Stored entries:
********************

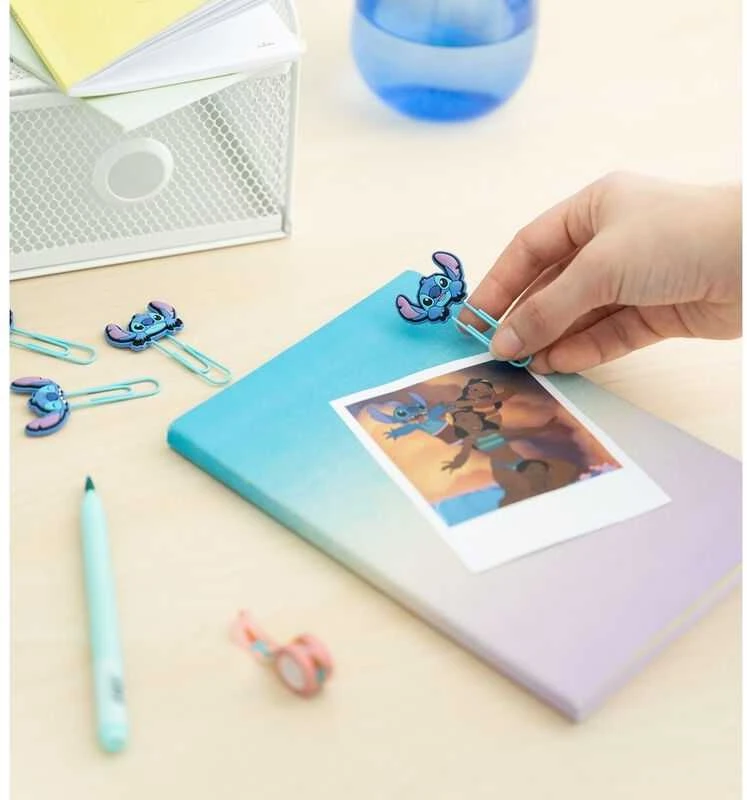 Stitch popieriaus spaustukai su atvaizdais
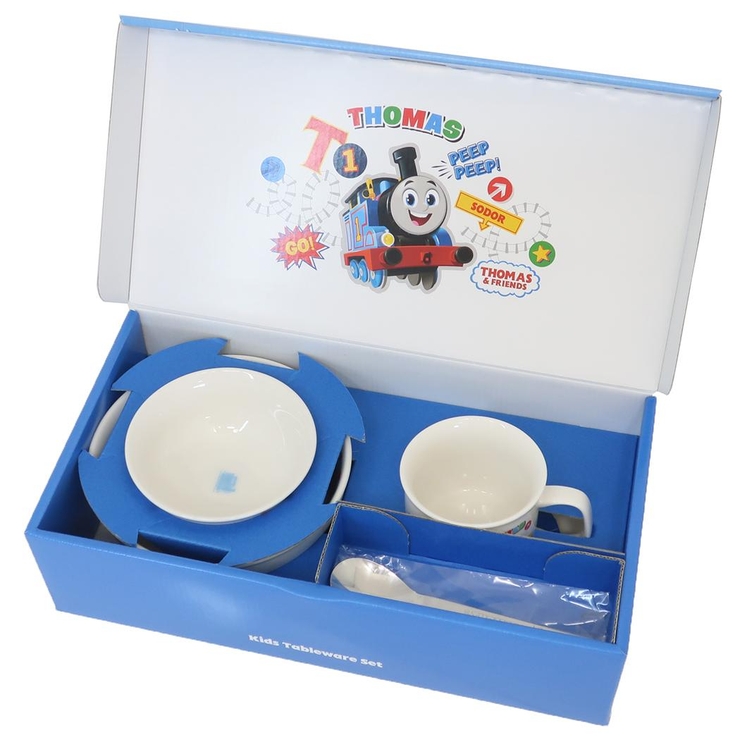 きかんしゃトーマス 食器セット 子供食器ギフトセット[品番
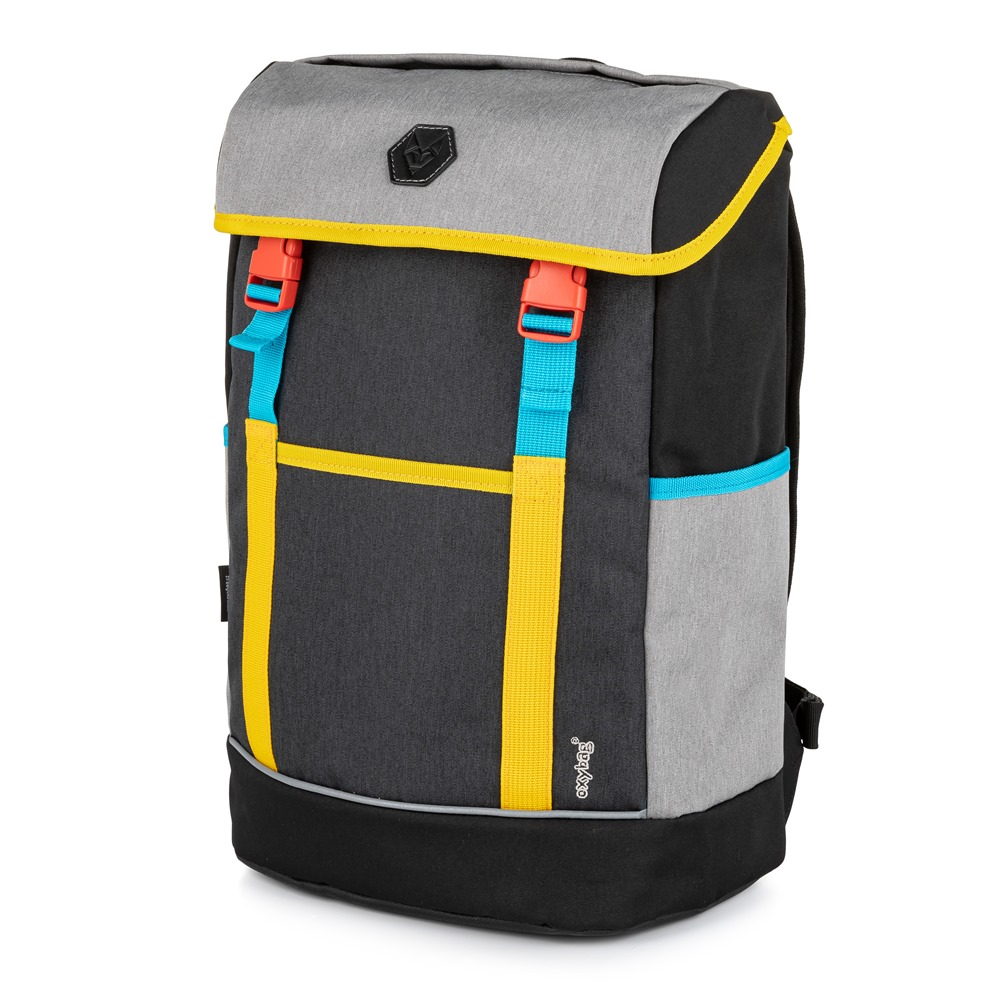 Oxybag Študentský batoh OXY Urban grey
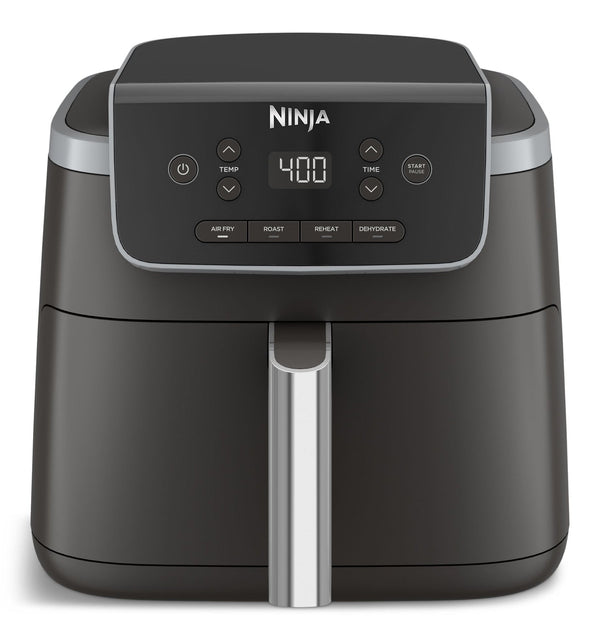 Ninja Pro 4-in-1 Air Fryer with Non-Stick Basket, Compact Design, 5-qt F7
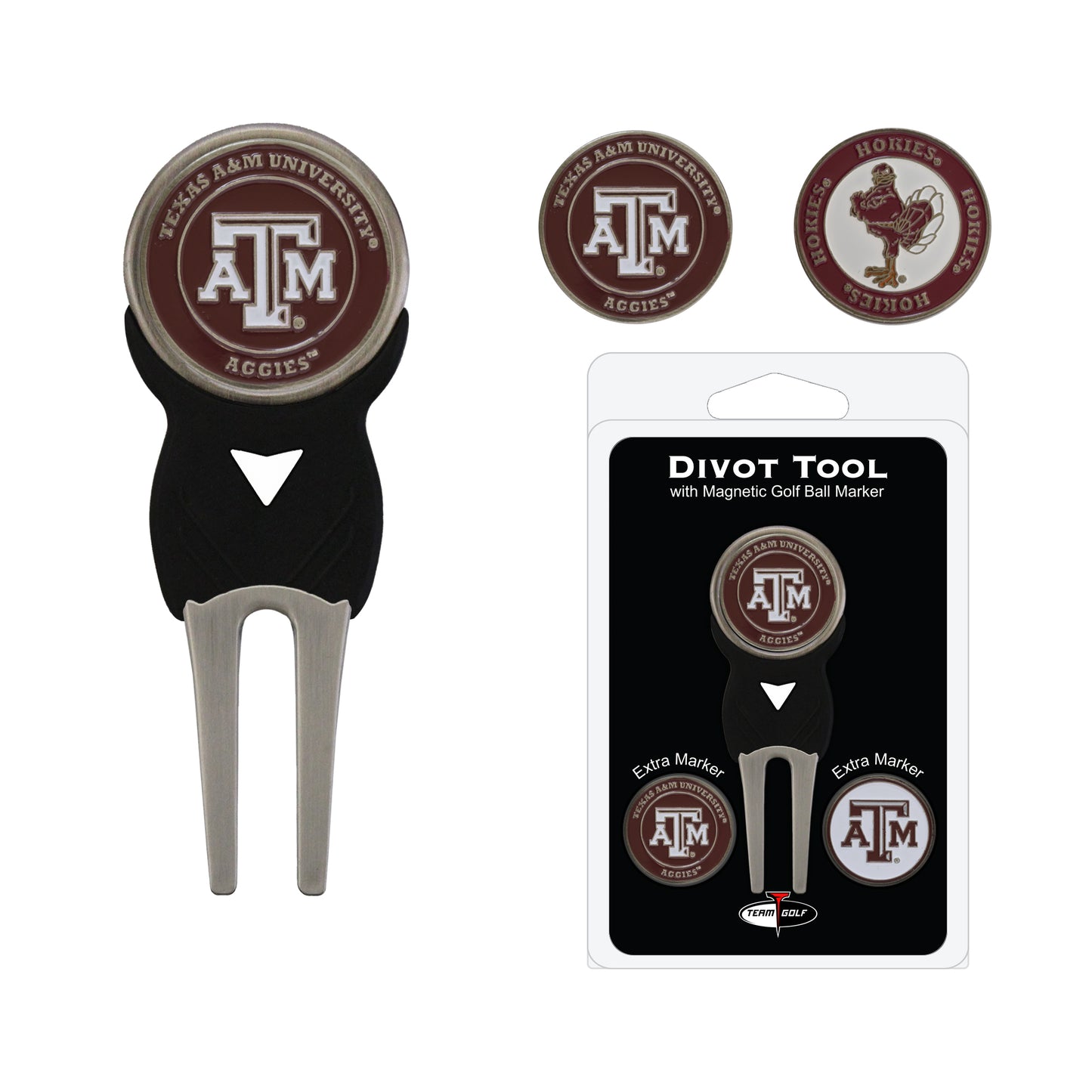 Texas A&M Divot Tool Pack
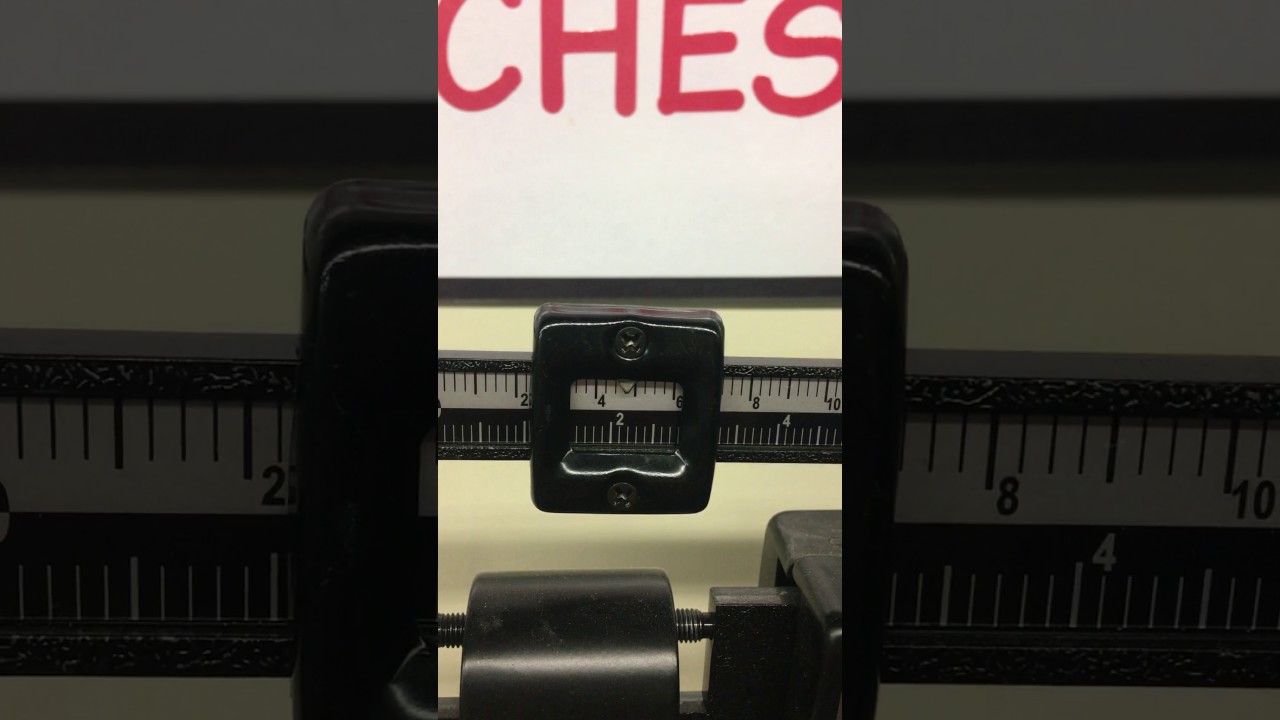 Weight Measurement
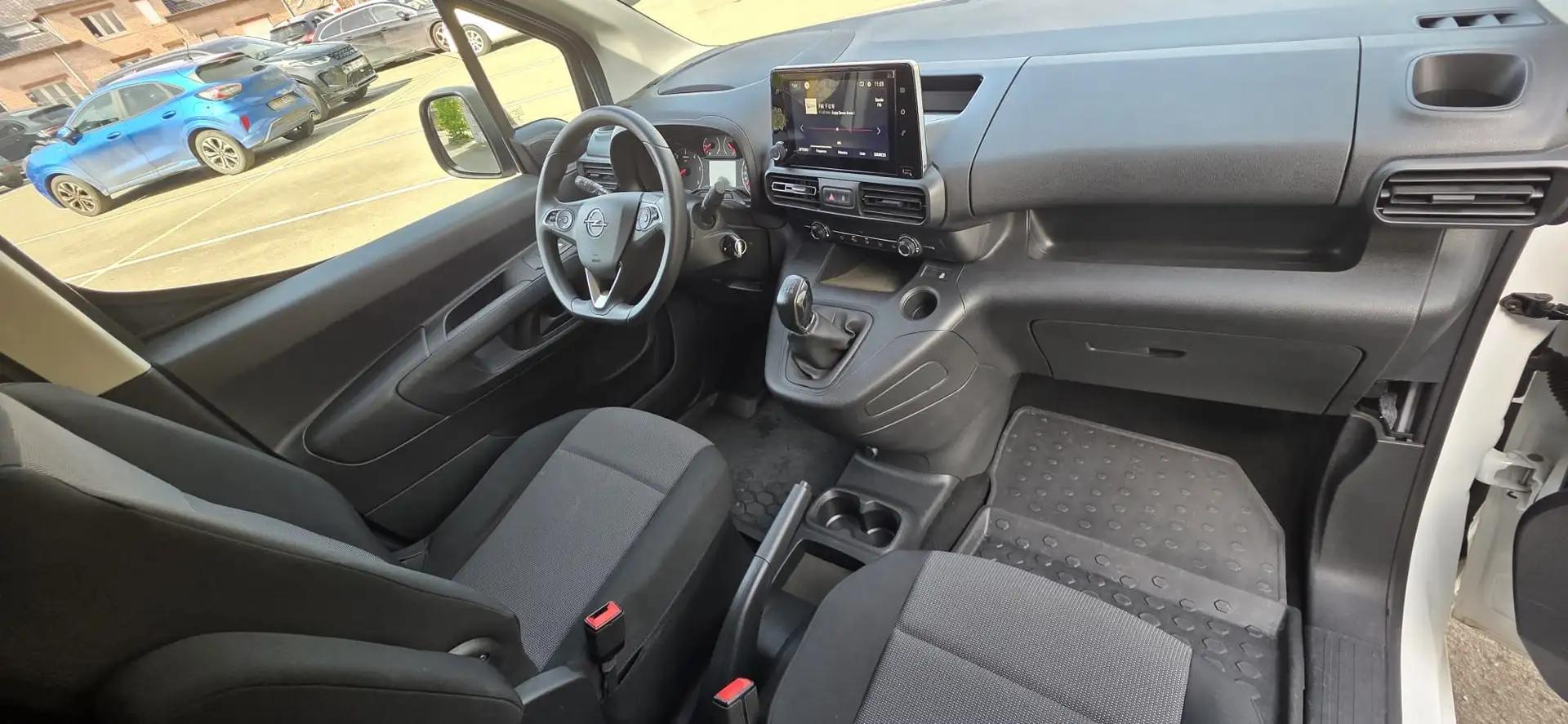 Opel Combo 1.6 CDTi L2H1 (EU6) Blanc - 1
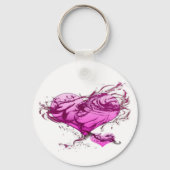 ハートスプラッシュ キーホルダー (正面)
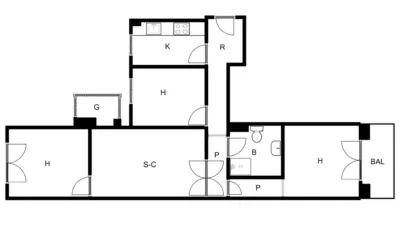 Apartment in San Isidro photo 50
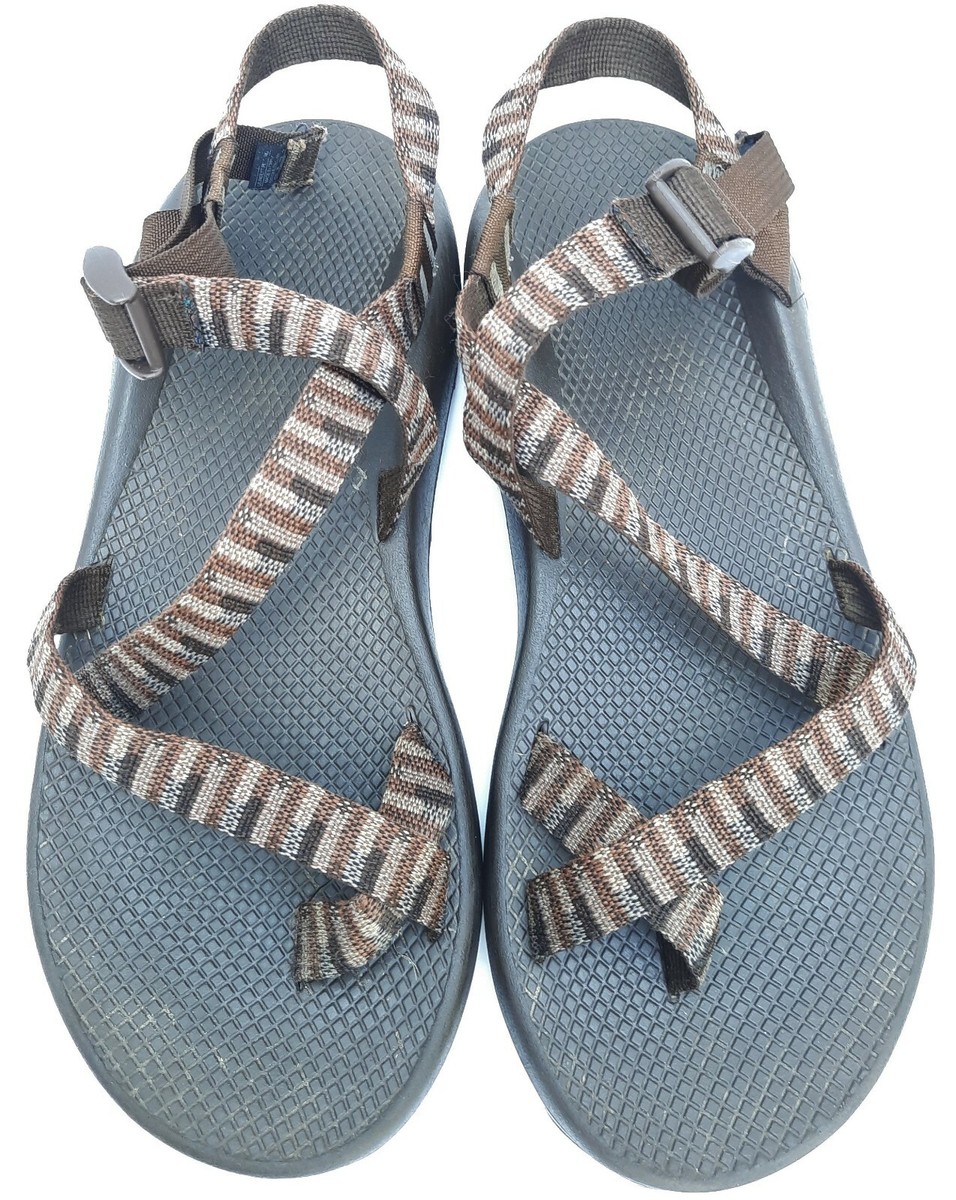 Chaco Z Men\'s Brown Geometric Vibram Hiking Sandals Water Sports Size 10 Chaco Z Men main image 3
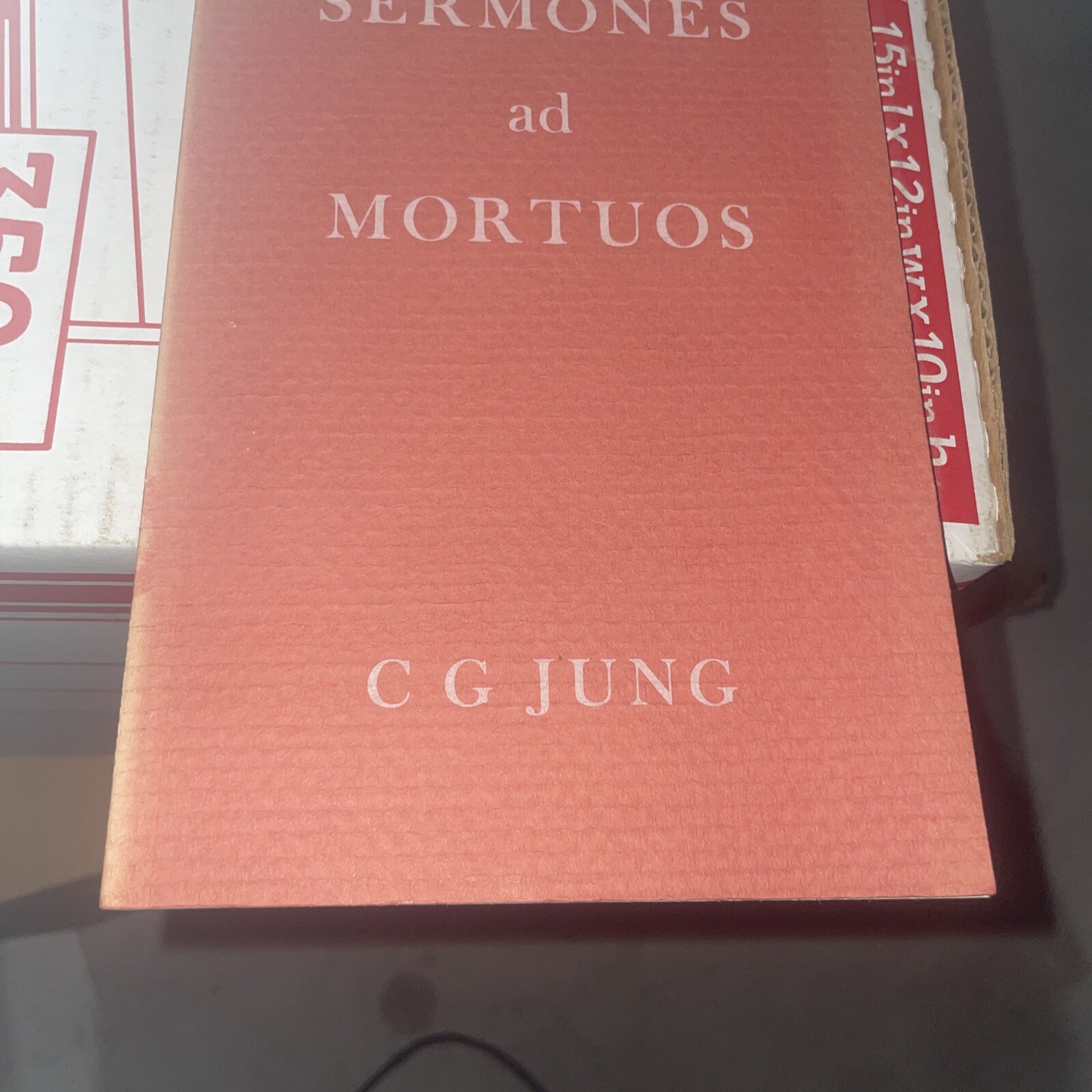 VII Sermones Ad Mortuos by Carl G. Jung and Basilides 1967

********************

▸ **YOUR TASK**
Pictures stay out, and every line of the records is transcribed exactly.

▸ **RESPONSE**
 Stitch popieriaus spaustukai su atvaizdais
 きかんしゃトーマス 食器セット 子供食器ギフトセット[品番
 Oxybag Študentský batoh OXY Urban grey
 Ninja Pro 4-in-1 Air Fryer with Non-Stick Basket, Compact Design, 5-qt F7
 Texas A&M Divot Tool Pack
 Weight Measurement
 Opel Combo 1.6 CDTi L2H1 (EU6) Blanc - 1
 ハートスプラッシュ キーホルダー (正面)
 Apartment in San Isidro photo 50
 Chaco Z Men\'s Brown Geometric Vibram Hiking Sandals Water Sports Size 10 Chaco Z Men main image 3
 VII Sermones Ad Mortuos by Carl G. Jung and Basilides 1967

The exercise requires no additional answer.